Please copy, exactly and with no pictures, only the lines from the one containing "134 Ponus Avenue Norwalk CT 06850" through the last line of the records.
════════════════════
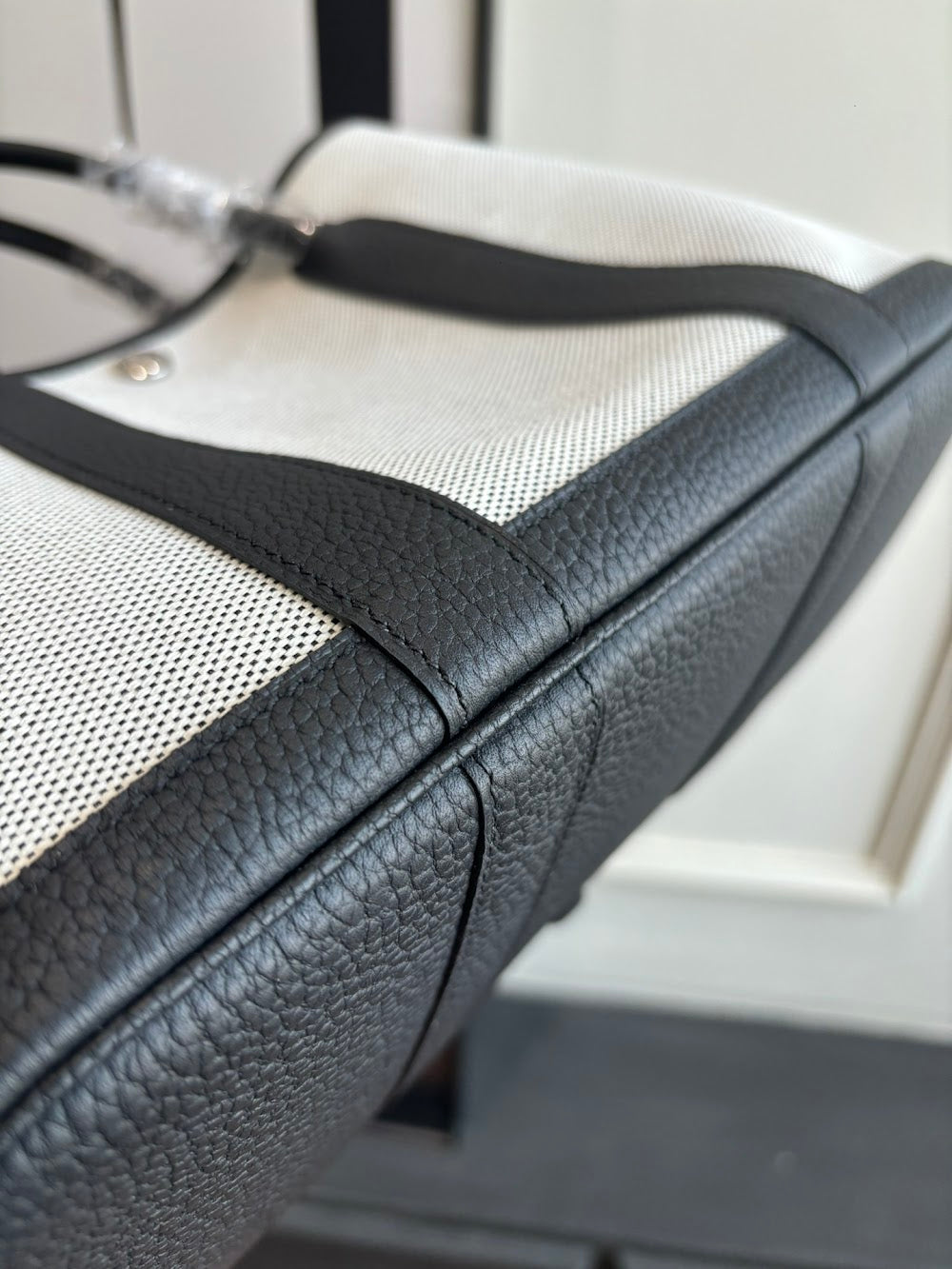 Dragons BagsHermesn Luxury Bag --117888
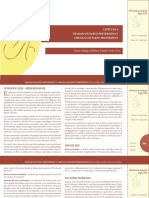 Parto pretérmino: factores de riesgo, definición y tratamiento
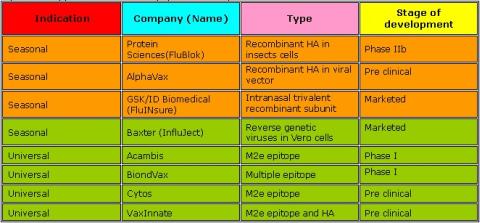 table_4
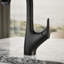 Rival Single-Handle Bar Sink Faucet-1366137774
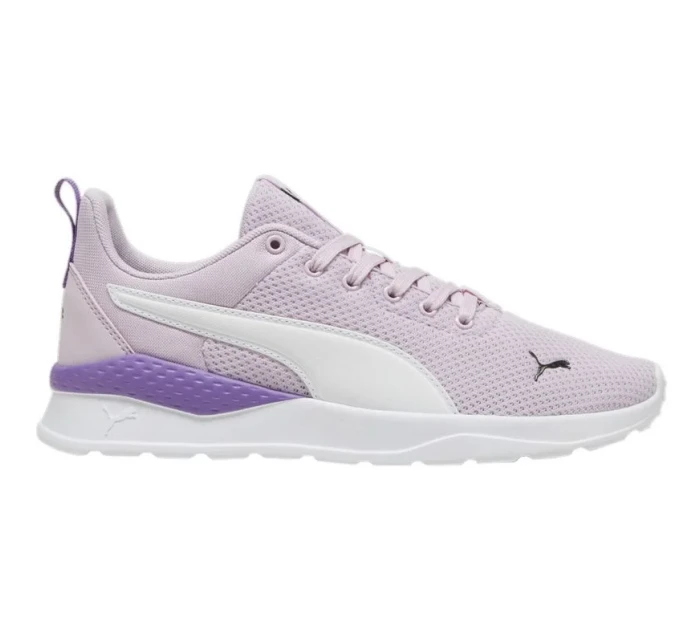 Dámska obuv Puma Anzarun Lite W 371128 55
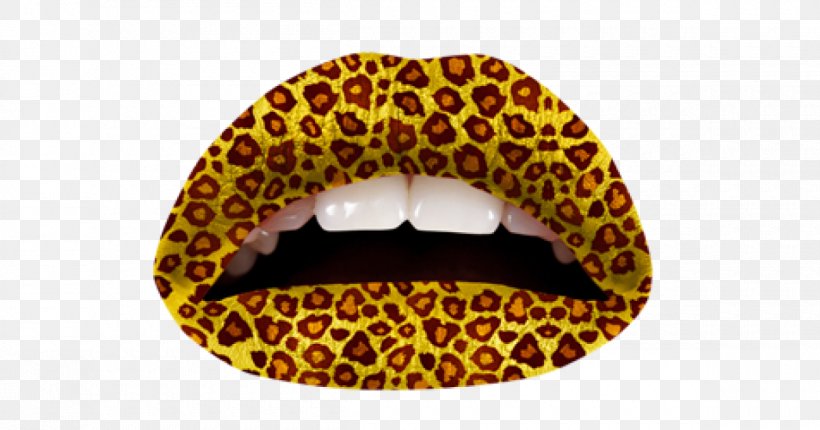 Cheetah Violent Lips Lip Balm Leopard, PNG, 1200x630px, Cheetah, Beauty, Color, Contact Lenses, Cosmetics Download Free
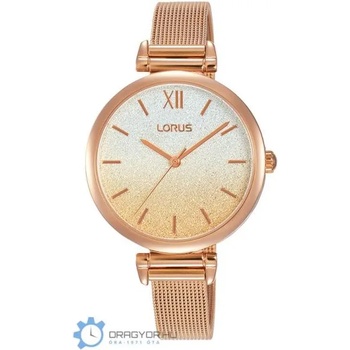 Image 1 of Lorus RG232QX9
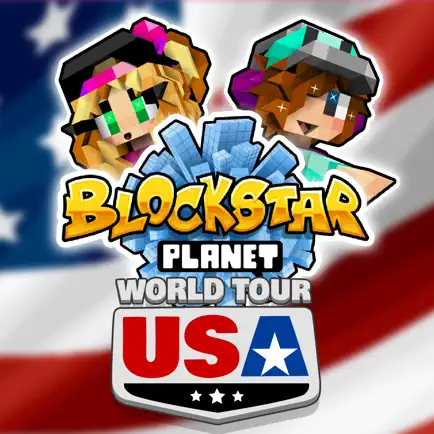 BlockStarPlanet Cheats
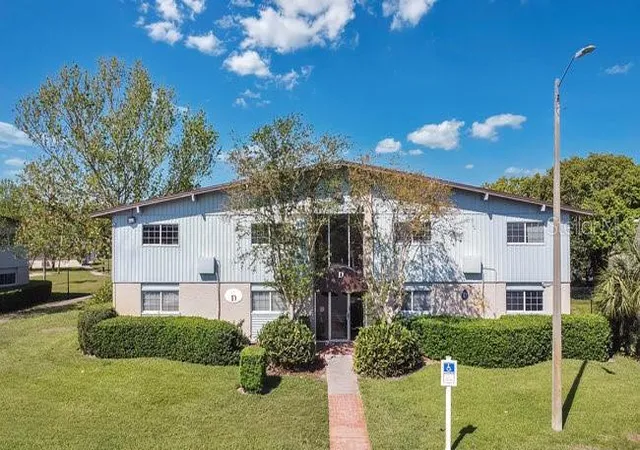 1695-lee-rd-b108-winter-park-fl-32789/hzid_ab683189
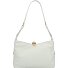  Sfera Soft Schultertasche M Leder 30 cm Variante marshmallow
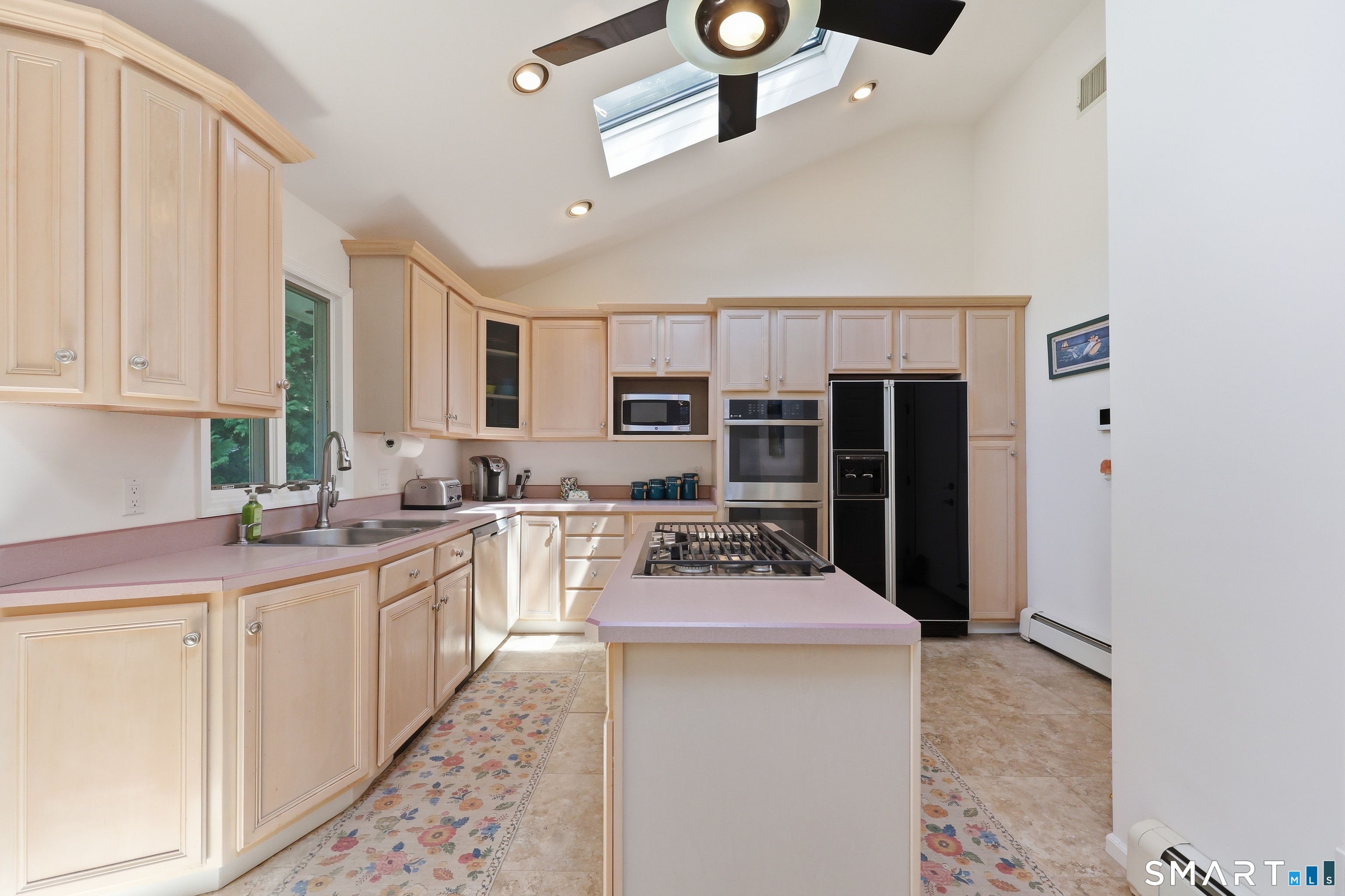 134 Ponus Avenue Norwalk CT 06850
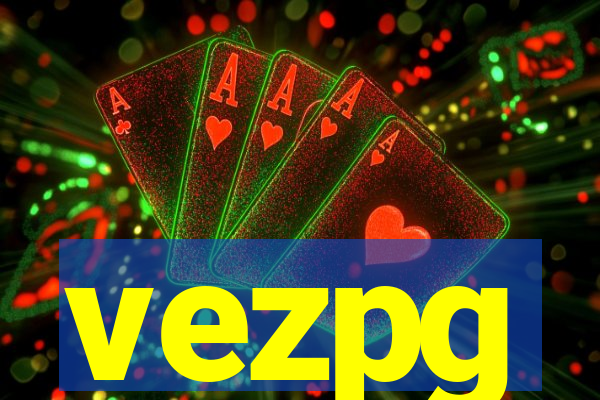 vezpg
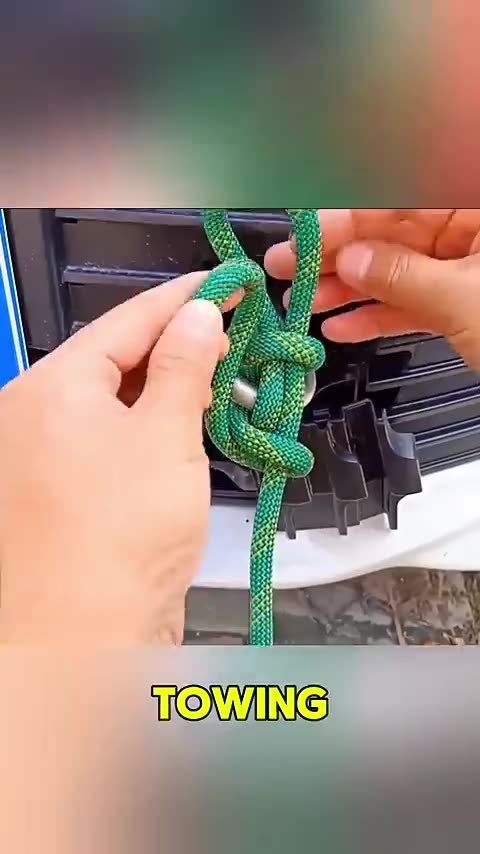 These are the magic little experiments that'll make kids put down their phones #shorts #lifehacks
════════════════════
### EXPECTED ANSWER
 134 Ponus Avenue Norwalk CT 06850
 vezpg
 These are the magic little experiments that'll make kids put down their phones #shorts #lifehacks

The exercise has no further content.